(Image Source: Moneycontrol)
The Meesho IPO has officially closed, marking a significant phase for millions of investors who participated. The e-commerce platform’s ₹5,421 crore public offering, which opened on December 3 and concluded on December 5, has seen an impressive oversubscription of over ten times across all categories. This indicates that for every share available, at least ten eager buyers were waiting.
The figures reveal a narrative of strong demand. On the final day, the retail portion itself was nearly twelve times oversubscribed. Non-institutional investors, including wealthy individuals and corporate entities, demonstrated even greater interest, bidding nearly fifteen times the number of shares allocated for them. Qualified institutional buyers, who secured the largest share, oversubscribed their portion by over seven times. Overall, bids were placed for more than 274 crore shares, while only around 28 crore shares were on offer.
For the average retail investor who applied for the minimum lot of 135 shares at the upper price band of ₹111, this situation resembles a lottery. Allotment will be finalized on December 8, but the likelihood of receiving shares is low. If the retail oversubscription surpasses a specific level, every applicant receives at least one lot; however, beyond that, it turns into a game of chance. Most applicants will probably get only a partial allotment or none, with refunds expected in their accounts by December 9.
The Grey Market Buzz
Even before the official allotment arrives, the grey market is already reacting. Meesho shares are trading at a premium of ₹49.5 above the issue price, suggesting a potential listing price around ₹160 per share. This implies a gain of roughly 45 percent for those fortunate enough to secure an allotment. The grey market premium has remained steady throughout the subscription, illustrating sustained confidence among traders dealing in unlisted stocks.
This places Meesho in a favorable position. The company raised ₹2,439 crore from anchor investors prior to the IPO launch, backed by well-known names in the industry. The ₹4,250 crore fresh issue will finance cloud infrastructure, marketing, and potential acquisitions, while the ₹1,171 crore offer for sale allows early investors such as SoftBank, Prosus, and Elevation Capital to partially exit.
What Happens Next
The true test arrives on December 10, when Meesho lists on both the BSE and NSE. A strong listing is broadly anticipated, given the subscription figures and grey market premium. However, investors should keep in mind that listing gains are not assured. Factors such as market conditions on the listing day, profit-booking by institutional investors, and overall sentiment towards new economy stocks will influence outcomes.
For those who do not receive allotment, a pivotal question arises: should they buy on listing? The grey market premium points to strong demand, yet valuations must be considered. At the upper price band, Meesho holds a valuation of approximately ₹52,500 crore. Although the company is currently operating at a net loss, it has exhibited impressive revenue growth and connects millions of small sellers with consumers across India, carving out a niche in social commerce.

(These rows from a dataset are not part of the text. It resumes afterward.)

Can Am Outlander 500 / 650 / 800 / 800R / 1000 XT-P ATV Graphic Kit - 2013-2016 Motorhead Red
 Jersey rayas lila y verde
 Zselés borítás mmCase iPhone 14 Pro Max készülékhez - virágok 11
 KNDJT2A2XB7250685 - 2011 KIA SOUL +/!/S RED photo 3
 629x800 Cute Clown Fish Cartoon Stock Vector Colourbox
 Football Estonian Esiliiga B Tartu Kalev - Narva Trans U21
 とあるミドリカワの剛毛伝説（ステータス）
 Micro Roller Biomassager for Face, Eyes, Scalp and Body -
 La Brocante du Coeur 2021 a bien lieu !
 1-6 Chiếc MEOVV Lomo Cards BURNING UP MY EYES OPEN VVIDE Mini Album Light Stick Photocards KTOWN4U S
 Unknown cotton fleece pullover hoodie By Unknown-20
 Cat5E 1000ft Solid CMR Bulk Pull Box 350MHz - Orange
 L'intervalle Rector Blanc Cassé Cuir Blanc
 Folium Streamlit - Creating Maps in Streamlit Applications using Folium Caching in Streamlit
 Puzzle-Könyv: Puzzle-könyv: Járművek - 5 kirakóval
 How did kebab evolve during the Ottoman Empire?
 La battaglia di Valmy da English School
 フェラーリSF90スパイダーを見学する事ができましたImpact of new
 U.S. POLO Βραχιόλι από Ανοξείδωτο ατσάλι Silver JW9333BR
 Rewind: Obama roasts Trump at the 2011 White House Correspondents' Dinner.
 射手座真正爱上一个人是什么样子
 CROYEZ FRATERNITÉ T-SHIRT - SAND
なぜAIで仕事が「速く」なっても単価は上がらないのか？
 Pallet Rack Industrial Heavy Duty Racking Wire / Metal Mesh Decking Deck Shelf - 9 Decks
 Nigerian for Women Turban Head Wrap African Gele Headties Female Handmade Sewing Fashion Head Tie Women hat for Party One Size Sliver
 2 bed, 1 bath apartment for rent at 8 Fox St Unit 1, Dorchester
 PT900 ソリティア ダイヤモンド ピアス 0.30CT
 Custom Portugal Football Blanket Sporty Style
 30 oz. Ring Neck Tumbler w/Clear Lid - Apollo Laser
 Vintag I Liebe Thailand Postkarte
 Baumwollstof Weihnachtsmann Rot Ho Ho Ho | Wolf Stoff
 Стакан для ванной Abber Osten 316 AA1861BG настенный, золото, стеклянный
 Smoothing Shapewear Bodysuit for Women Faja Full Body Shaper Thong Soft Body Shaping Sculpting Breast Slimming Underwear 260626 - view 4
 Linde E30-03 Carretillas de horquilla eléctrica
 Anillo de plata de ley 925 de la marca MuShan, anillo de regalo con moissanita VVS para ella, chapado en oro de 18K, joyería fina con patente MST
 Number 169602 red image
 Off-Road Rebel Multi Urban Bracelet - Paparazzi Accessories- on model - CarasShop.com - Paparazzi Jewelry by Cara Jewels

In the larger picture, Meesho exemplifies a new era of Indian internet companies going public. Unlike traditional manufacturing firms, these businesses often incur losses to acquire customers and scale. Investors are focusing on potential future profits rather than immediate earnings, making them both riskier and potentially more rewarding.
As the allotment date nears, registrars will be diligently processing applications and coordinating with depositories. Investors can check their allotment status on the BSE website or through their brokers. For many, disappointment may await. In India’s IPO landscape, oversubscription is increasingly becoming the norm. The real winners are often those who secure shares and choose to sell on the listing day, while long-term investors will have to see if the company can validate its valuation through consistent growth.